The TNT driver was angry. He abused Mr Aggouche. Despite the witness evidence of a security guard, the TNT driver alleged that Mr Aggouche drove into the TNT lorry.

There was a trial. The Judge believed Mr Aggouche and the witness. Evidently, the Judge did not believe the TNT driver.

TNT not only knew there was a reliable independent witness, they interviewed him themselves. Although we asked for the statement TNT had obtained from the witness, they simply evaded the question.

The fact that TNT contested the case to trial on liability suggests an element of grudge. But, then again, they have deep pockets hence can afford to fund a grudge match.

The real fight

This was not about liability, but the value of the claim.

In short, credit hire charges.

TNT don’t like claims for credit hire charges.

The whole motor insurance industry don’t like claims for credit hire charges – that is, unless they are profiting by it.

Much like the referral fee argument, insurers condemn credit hire charges publicly, whilst they, no doubt, profit privately.

This probably cannot be said of TNT, however, who simply don’t like credit hire claims.

The new Dimond

At the end of the 1990’s the motor insurance industry thought they were going to be able to destroy the credit hire industry. It all came down to the case of Dimond –v- Lovell.

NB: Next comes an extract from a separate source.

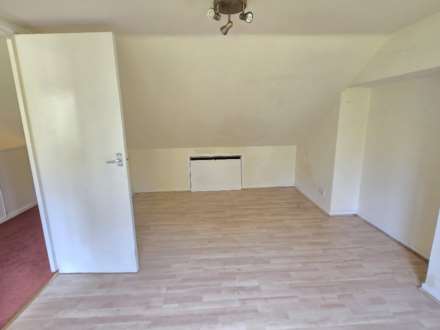 Heaton Avenue, Dewsbury, Image 14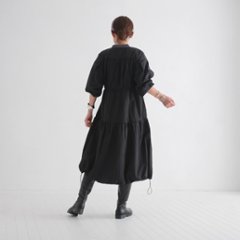 季節の変わり目にぴったり＊大人カジュアルに映える＊シルエットを調整できるドローコード＊ティアードジャケット＊d-jk3001画像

Whilst this case made its way through the Courts to the House of Lords (now the Supreme Court, or whatever) insurance companies stopped paying credit hire charges. Hire companies went bust or contracted, starved of cash.

But Dimond –v- Lovell didn’t kill credit hire. It made it leaner, and, perhaps surprisingly, more insurer friendly.

In the post Dimond credit hire world, insurers and corporates struggled to find compelling arguments to crush credit hire charges. Indeed, the Courts seemed to have shifted (a little) in favour of Claimants.

The snappily named Cancellation of Contracts made in a Consumer’s Home or Place of Work 2008 (I shall simply call it the Cancellations Regs) changed that.

The Cancellation Regs gifted to motor insurers, and corporates like TNT, a new magic wand. Failure to serve a cancellation notice meant credit hire charges were unrecoverable.

The way credit hire works is like this: a consumer enters an agreement to pay hire charges but payment is deferred for a specified period not exceeding 12 months.

As long as this is a bona fide contract, the consumer is liable to pay, and therefore the at-fault insurer is liable to pay.

The Cancellation Regs add a further hurdle: The necessity to serve a cancellation notice on the consumer. If the credit hire company fails to serve a cancellation notice, they cannot enforce their agreement against the hirer. If they cannot enforce the agreement against the hirer, the hirer cannot enforce it against the at fault insurer.

Insurers rub their hands in glee. The Courts agree.

Why does Mr Aggouche’s case matter?

Because Deputy District Judge Hay has set out clear legal arguments showing that the Cancellation Regs do NOT apply to all apparently consumer transactions.

In Mr Aggouche’s case, he needed a hire vehicle for his work and for domestic use (he has three young children and his car was the only one in the household). He is a Public Carriage Office (PCO) licensed taxi driver.

DDJ Hay concluded Mr Aggouch was NOT a consumer for the purposes of the Cancellation Regs. Because he was NOT a consumer, the fact that he may have signed a credit hire agreement without being given a cancellation notice didn’t matter. The agreement he signed was bona fide so TNT had to pay the £10,000 of hire charges.

DDJ Hay researched the underlying legal issues himself. He established that where there is a dual purpose with respect to a contract, that is to say, a contract which covers both a professional purpose and a domestic purpose, the professional purpose means that the contract is NOT a consumer contract. Unless the professional purpose is “negligible”.

There are many credit hire businesses that hire out PCO plated vehicles. This Judgement will apply to them and could effect both how they enter into their contractual agreements and whether the TNT’s of the Defendant business can resist claims for hire charges under the Cancellation Regs.

Of course, DDJ Hay decision comes from the lowliest of Judges in a County Court. Nevertheless, the Judgement is well argued and persuasive, and should, I believe, be used to support Claimants.